Fire Chief Thomas J. Passuite proposed a $300,000 boost in ambulance revenue, or more than 50 percent.

The 2011 budget projected ambulance income of $575,000. As of the end of September, $400,000 had been collected, which was down $34,000 from the same period in 2010, City Auditor Ruth E. Ohol said.

Alderman Joseph C. Kibler, R-at large, reported that half of the ambulance billings are covered by Medicaid, Medicare or private insurance.

Tucker said, "The ones who are really stuck [with a fee hike] are the ones that don't have any insurance. History tells you those people don't pay."

Currently, the city's ambulance fees are $400 for basic life support; $600 for advanced life support; $160 for a treat-and-release call; and $210 for a "dead on arrival" transport.

Those fees are well below those of Rural/Metro or Twin City ambulances, Passuite reported.

Norman D. Allen, director of engineering and public works, had asked for a $100,000-a-year salary because of his expanded responsibilities since he took over streets and parks earlier this year.

But the Council gave Allen the same 3 percent raise that most other department heads were to receive, moving his pay to OVER 27 LNs$81,244,from $78,878. Allen said he was dissatisfied.

The Council hasn't decided on City Treasurer Michael E. White's request for an extra $12,000 to succeed the retiring Mullaney as budget director.
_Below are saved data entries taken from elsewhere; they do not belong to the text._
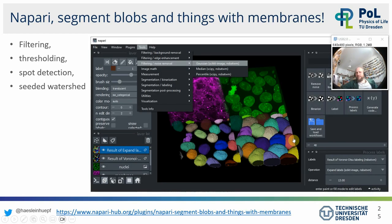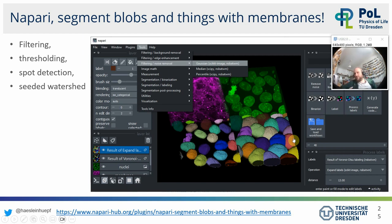There is a Napari plugin called Napari Segment Blobs and Things with Membranes — named to be self-explanatory. If you want to do classical operations like filtering, thresholding, and seeded watershed — the nice operations we know from ImageJ that are sufficient for a vast majority of image data — you can use this Napari plugin. It's based on scikit-image and brings these basic operations to Napari.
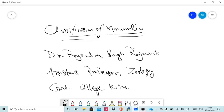Hello viewers, welcome to our YouTube channel CCE Raj GC Cota class. My name is Dr. Rajendra Singh Rajavath and I am assistant professor in the department of zoology, Government College Cota. In this video we will discuss about the classification of class Mammalia.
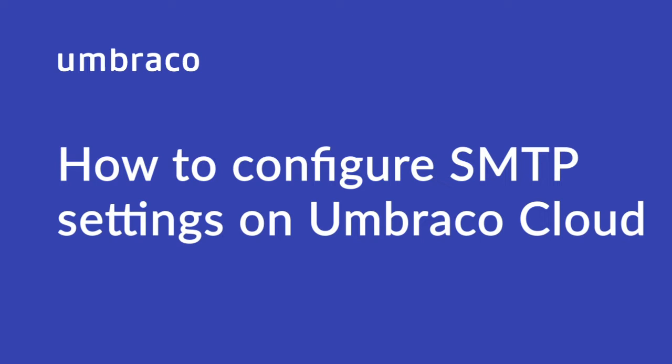While Umbraco Cloud will send out emails for you when you invite people or colleagues to your project, you will need to set up your own SMTP settings if you want to use for example Umbraco Forms or SMTP clients in C-sharp. My name is Morten and I will be your guide in this video.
As of Wednesday, the $12,000 was still in the budget, but White's requested $8,262 stipend for Deputy Treasurer Steven A. Goerss to act as deputy budget director had been cut out.

Mullaney said Police Chief Lawrence M. Eggert's salary next year will be $97,655, an increase from $88,630 triggered by a state rule that keeps a chief's base pay ahead of his captains' salaries.

"He said if everyone's taking a [pay] freeze he'll take one, but nobody's taking a freeze," Mullaney said.